- ABOUT THIS TASK -
Without copying any picture, transcribe exactly the lines of the data below from the one containing "G-DRAGON (BIGBANG) - 3rd" through the one containing "H2O - Kap Dan".

- PROVIDED INFORMATION -
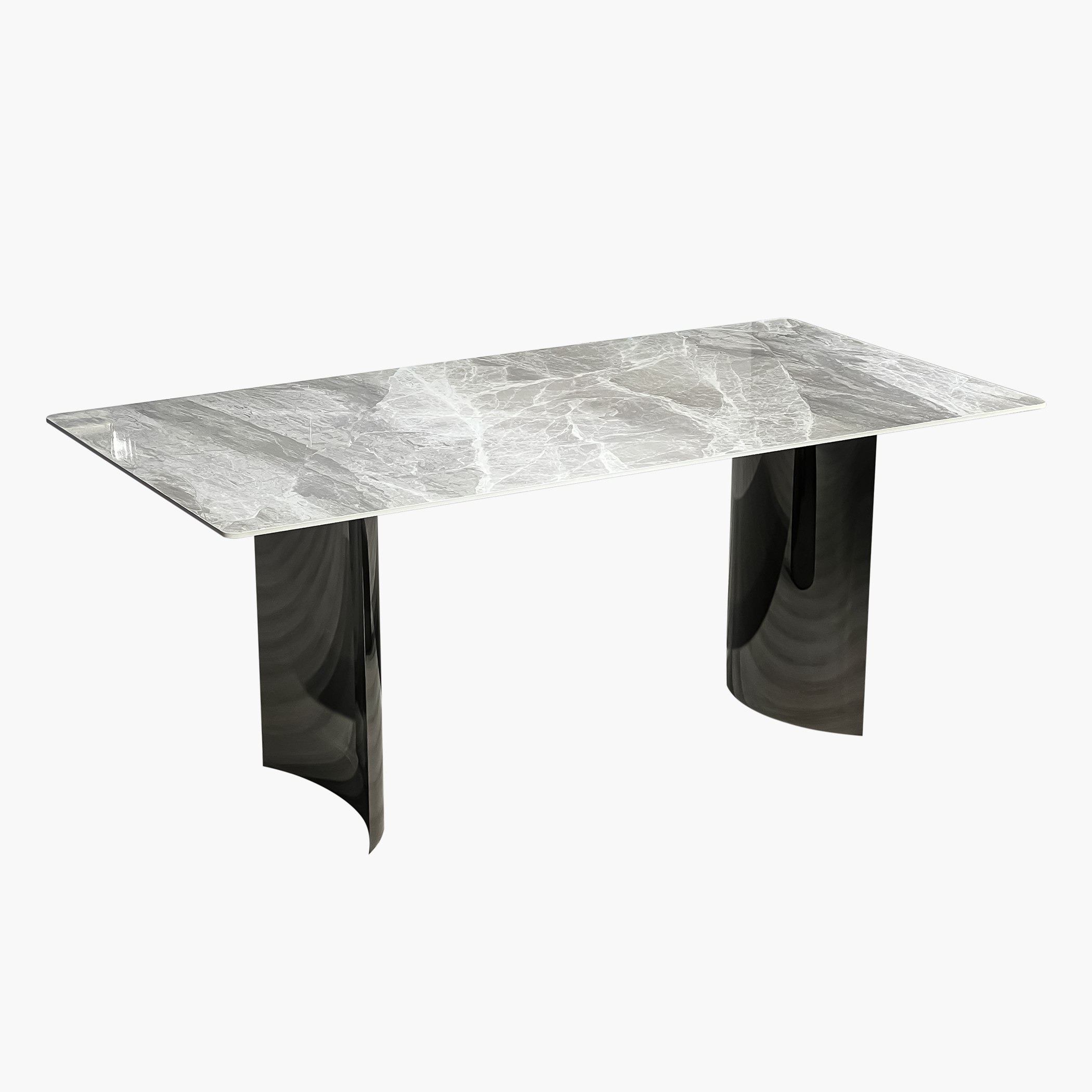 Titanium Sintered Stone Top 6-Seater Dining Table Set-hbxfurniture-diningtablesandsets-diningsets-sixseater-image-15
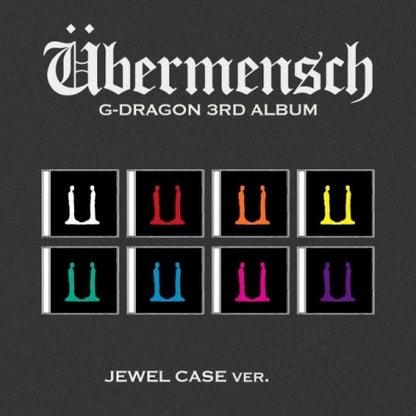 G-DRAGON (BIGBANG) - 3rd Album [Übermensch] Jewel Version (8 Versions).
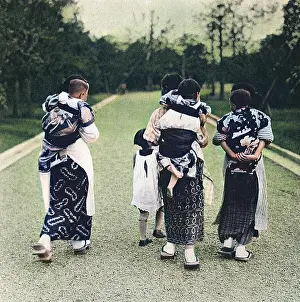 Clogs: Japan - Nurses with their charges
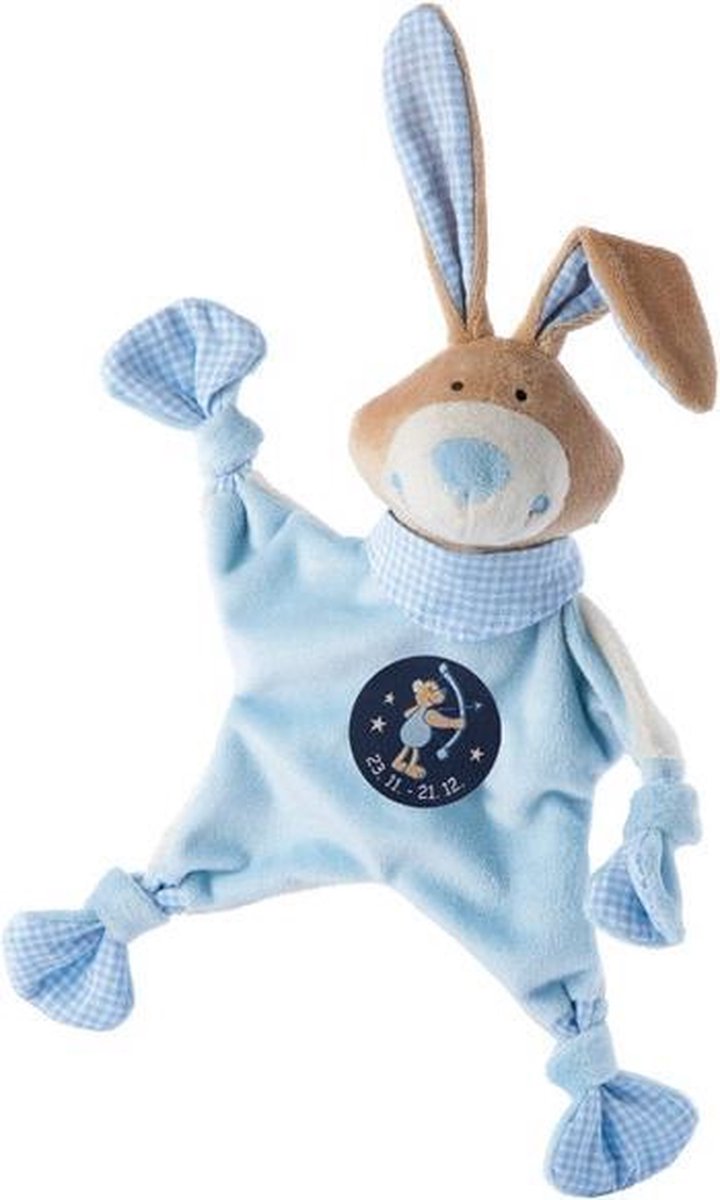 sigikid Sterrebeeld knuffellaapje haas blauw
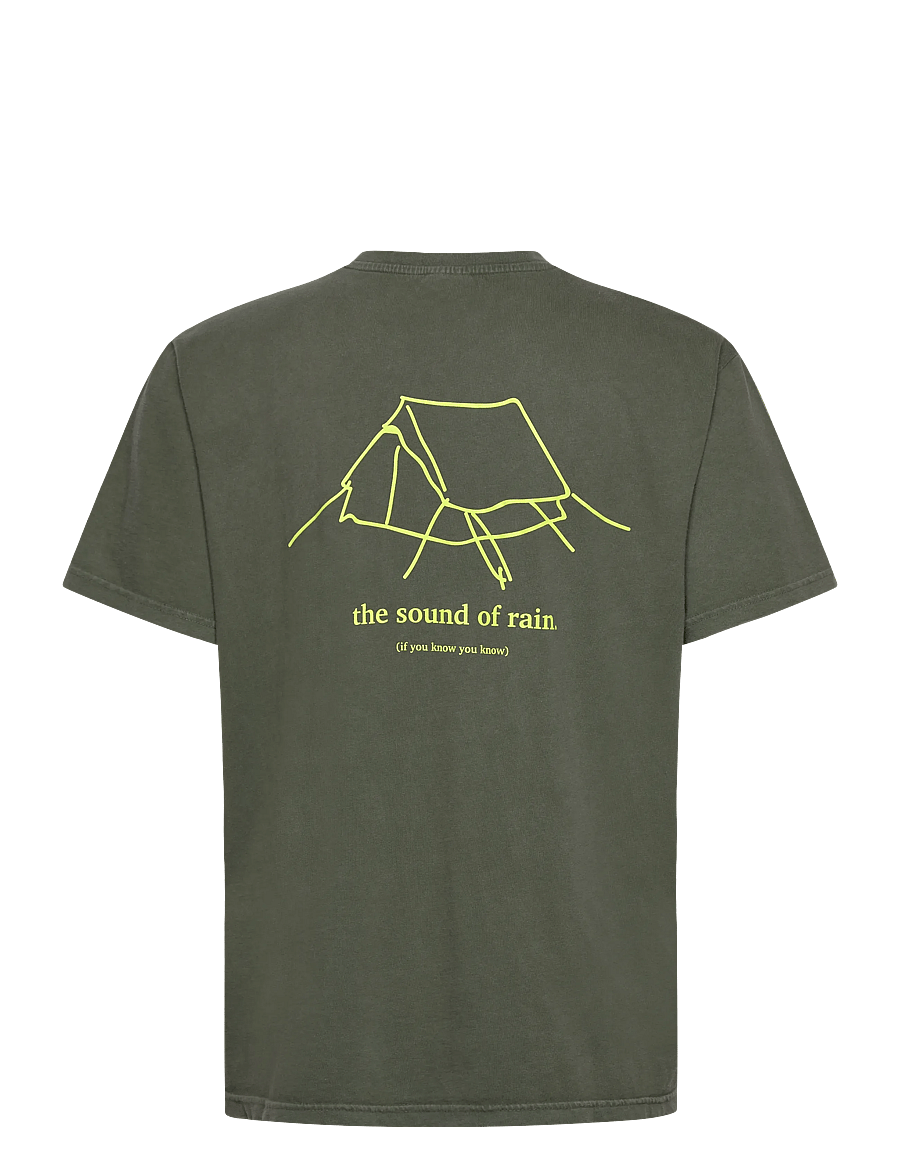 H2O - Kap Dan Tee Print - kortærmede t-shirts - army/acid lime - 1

---

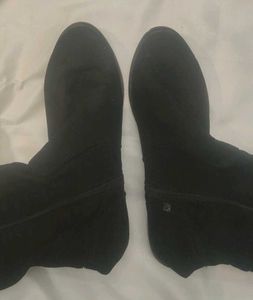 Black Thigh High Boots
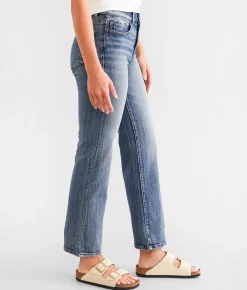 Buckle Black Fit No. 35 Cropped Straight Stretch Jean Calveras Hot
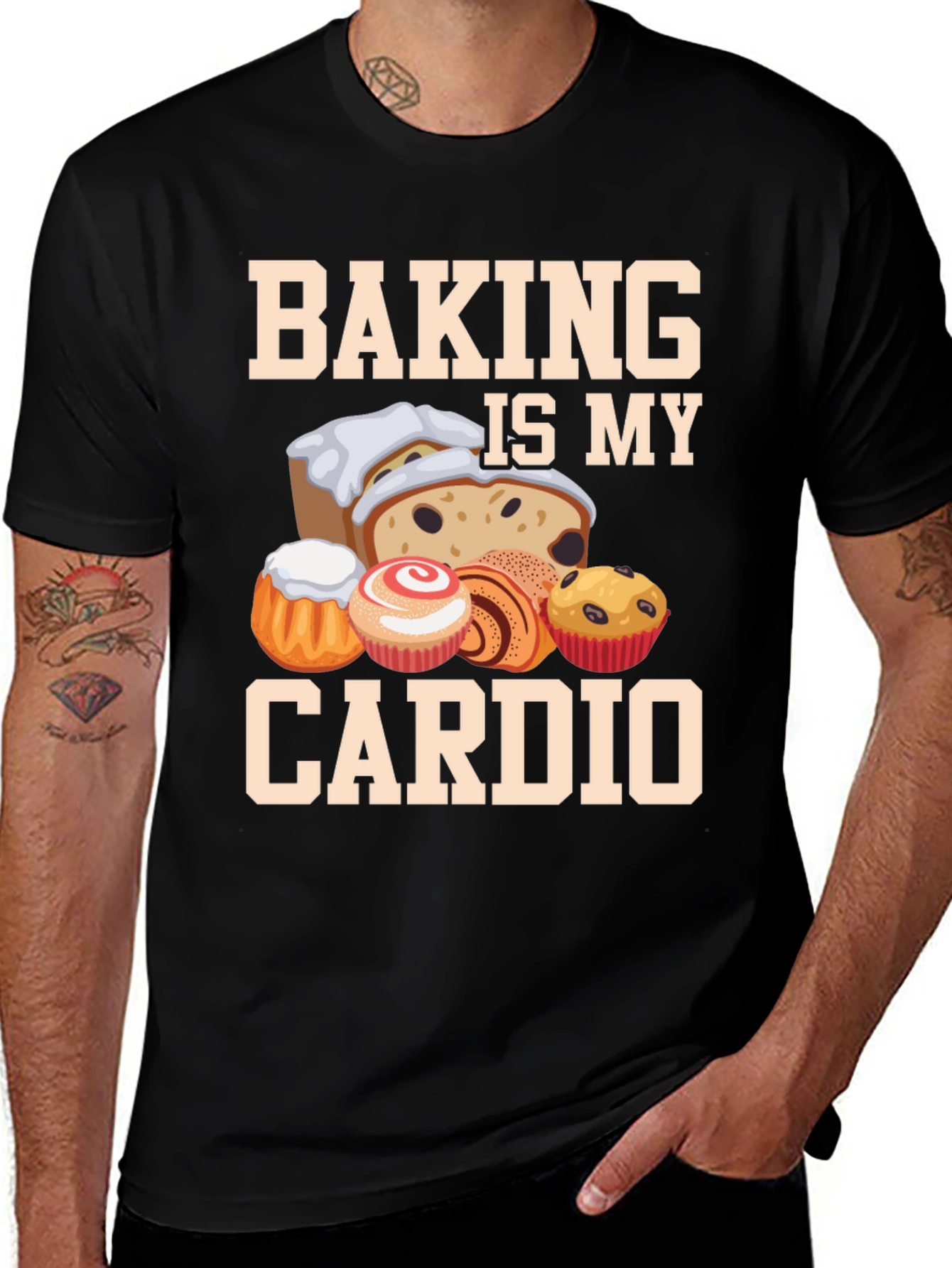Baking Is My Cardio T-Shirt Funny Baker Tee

* * *

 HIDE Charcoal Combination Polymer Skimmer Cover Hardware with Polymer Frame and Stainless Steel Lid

- RESPONSE FOR THIS EXERCISE -
 G-DRAGON (BIGBANG) - 3rd Album [Übermensch] Jewel Version (8 Versions).
 Clogs: Japan - Nurses with their charges
 sigikid Sterrebeeld knuffellaapje haas blauw
 H2O - Kap Dan Tee Print - kortærmede t-shirts - army/acid lime - 1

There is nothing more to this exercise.